With all this in mind, it’s hard not to root for Mountain
Funding. But two thoughts confuse my sympathies. The first is that
when Mountain Funding finally takes control of the Ritz-Carlton
project, all of Levy’s investors will be left high and dry. We met
many of these investors when they testified — ad nauseum — before
the Planning Commission and City Council about eight years ago,
urging approval of Levy’s timeshare condo plan. Then, one by one,
we met them again, this time as they filed their lawsuits demanding
their money back. The other consideration is this: The longer Bill
and Roy are in the picture, the less likely the Ritz-Carlton
project will ever be built. That’s because Bill and Roy have
amassed so much debt on the property — estimated in the
neighborhood of $100 million — there’s no way the project can be
built and make money. I have no beef with Ritz-Carlton per se, but
I’d rather see them in other towns, like Carmel, than occupy such a
defining and conspicuous swath of our own downtown. Santa Barbara’s
already gotten way too snooty for our own good; we
don’t need any more help in that direction. Once the Ritz comes in,
it’ll be a matter of time before the City Council passes an
ordinance banning women from walking around Pueblo Viejo wearing
jeans costing less than $800. Personally, I’d prefer a combination
water park/putt-putt golf/go-cart racetrack down there. And if they
threw in a velodrome, I’d be in heaven.

Levy has now come within a whisker’s breadth of killing the
project he fought nearly 30 years to get built. Even though Levy
got the green light from City Hall seven years ago — after helping
many councilmembers get elected and donating generously to the
charities on whose boards they sat — his city permits will be dead
in the water if he doesn’t begin construction by this December 12.

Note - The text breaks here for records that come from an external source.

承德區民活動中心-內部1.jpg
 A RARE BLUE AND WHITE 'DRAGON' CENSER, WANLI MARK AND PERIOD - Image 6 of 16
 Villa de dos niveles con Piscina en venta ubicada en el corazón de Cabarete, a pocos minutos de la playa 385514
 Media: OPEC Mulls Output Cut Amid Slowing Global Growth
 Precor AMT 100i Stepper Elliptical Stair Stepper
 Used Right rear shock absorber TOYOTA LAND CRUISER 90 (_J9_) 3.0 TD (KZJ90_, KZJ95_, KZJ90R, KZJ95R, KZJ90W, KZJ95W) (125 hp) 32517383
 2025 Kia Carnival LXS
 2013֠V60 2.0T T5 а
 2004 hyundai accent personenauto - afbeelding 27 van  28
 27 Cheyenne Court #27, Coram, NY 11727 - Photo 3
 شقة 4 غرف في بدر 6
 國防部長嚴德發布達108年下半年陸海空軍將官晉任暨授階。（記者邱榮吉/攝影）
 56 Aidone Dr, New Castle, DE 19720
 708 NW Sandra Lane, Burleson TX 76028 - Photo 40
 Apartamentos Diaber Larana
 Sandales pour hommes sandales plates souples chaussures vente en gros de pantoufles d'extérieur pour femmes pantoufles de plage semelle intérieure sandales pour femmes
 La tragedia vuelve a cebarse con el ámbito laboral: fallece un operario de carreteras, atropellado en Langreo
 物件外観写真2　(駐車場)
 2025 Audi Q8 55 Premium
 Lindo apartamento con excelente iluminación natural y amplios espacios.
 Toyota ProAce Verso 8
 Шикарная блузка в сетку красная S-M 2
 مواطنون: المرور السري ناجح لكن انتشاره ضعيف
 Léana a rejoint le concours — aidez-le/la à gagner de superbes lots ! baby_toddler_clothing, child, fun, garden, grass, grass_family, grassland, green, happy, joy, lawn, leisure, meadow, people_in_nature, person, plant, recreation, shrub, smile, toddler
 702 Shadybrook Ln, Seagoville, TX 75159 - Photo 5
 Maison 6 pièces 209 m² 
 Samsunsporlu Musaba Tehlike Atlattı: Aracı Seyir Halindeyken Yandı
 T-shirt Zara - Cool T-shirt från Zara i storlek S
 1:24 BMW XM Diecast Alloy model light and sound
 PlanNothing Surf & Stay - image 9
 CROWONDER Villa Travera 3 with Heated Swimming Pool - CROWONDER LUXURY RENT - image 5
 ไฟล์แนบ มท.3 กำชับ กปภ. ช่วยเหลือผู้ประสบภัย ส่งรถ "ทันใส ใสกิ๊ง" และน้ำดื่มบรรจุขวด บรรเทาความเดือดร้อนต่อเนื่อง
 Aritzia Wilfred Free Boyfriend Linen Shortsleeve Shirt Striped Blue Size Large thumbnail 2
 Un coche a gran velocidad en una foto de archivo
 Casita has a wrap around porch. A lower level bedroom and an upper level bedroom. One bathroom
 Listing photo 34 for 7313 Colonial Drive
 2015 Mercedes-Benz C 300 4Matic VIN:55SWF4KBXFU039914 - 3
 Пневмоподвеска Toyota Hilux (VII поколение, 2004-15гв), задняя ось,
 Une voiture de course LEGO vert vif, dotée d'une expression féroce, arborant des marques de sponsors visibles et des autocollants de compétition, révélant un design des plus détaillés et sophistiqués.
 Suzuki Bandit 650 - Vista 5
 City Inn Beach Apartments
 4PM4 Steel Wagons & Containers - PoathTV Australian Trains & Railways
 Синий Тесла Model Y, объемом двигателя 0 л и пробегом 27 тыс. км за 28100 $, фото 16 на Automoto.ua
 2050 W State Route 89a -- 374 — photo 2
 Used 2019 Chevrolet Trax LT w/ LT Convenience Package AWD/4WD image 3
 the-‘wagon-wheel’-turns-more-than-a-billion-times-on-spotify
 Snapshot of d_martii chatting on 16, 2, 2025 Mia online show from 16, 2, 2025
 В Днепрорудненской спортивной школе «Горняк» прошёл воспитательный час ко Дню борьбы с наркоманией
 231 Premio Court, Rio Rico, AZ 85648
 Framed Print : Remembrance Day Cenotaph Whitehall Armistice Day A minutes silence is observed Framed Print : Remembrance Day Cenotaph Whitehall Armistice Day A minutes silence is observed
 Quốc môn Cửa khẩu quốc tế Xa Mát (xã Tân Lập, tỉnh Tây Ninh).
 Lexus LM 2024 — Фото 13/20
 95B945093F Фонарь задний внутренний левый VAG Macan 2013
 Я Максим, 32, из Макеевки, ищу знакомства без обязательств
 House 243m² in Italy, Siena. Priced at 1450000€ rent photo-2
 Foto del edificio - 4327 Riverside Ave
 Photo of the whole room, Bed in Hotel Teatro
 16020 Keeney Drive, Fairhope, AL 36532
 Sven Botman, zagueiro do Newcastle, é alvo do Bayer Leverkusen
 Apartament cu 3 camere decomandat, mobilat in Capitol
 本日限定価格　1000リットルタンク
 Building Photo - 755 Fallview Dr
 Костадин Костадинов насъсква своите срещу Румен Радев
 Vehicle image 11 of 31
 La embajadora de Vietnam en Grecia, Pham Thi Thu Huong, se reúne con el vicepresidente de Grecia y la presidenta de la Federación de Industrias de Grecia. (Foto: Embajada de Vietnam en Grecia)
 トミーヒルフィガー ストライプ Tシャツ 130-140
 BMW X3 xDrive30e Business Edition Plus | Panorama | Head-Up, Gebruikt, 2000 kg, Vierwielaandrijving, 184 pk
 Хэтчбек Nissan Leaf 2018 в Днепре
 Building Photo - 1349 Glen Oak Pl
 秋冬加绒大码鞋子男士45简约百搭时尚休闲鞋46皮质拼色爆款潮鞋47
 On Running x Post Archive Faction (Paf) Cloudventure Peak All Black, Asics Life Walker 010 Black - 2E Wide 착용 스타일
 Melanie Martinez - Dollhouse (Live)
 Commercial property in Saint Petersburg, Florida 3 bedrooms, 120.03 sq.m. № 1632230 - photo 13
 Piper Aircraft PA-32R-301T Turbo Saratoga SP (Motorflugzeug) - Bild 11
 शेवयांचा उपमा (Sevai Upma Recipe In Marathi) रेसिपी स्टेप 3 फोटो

Levy can’t get construction going because he couldn’t get a
traditional lender, and that’s because of the huge debt he larded
on the project by lavishly paying himself up front, rather than
waiting until the project was completed. Levy also sought to
mollify countless disgruntled investors from other projects by
giving them a piece of The Beach rather than pay
them what they were owed. When it came time for Levy to pull the
Ritz rabbit out of his hat, the rabbit proved too fat and the hat
too small. As a result, Levy was forced to go to Mountain Funding,
which specializes in high-interest, short-term loans to developers
in distress. Last year he borrowed about $30 million to secure the
land for the deal. But when the bill came due this year — a
whopping $42 million — Levy couldn’t pay. Mountain initiated
default procedures and has tried to sell the project to other
investors. But as long as Levy was in the picture, Mountain Funding
couldn’t find a willing buyer. Now that Levy has been effectively
exorcised from the deal he originated, nurtured, and perfected,
Mountain reportedly has at least three qualified buyers, all of
whom have allegedly done business with the Ritz in the past. And
construction has just gotten underway. Should the deal go
forward — and some still doubt that it will — it’s exceedingly
unlikely that any of Levy’s much-abused investors will ever see a
dime. If the Ritz really does get built, Levy’s investors will
still get screwed and the rest of us will get stuck with an
unwanted project sporting an outdated design. When that happens,
we’ll no longer be able to choose to be eaten by the lion or the
tiger. We’ll already have been devoured by both.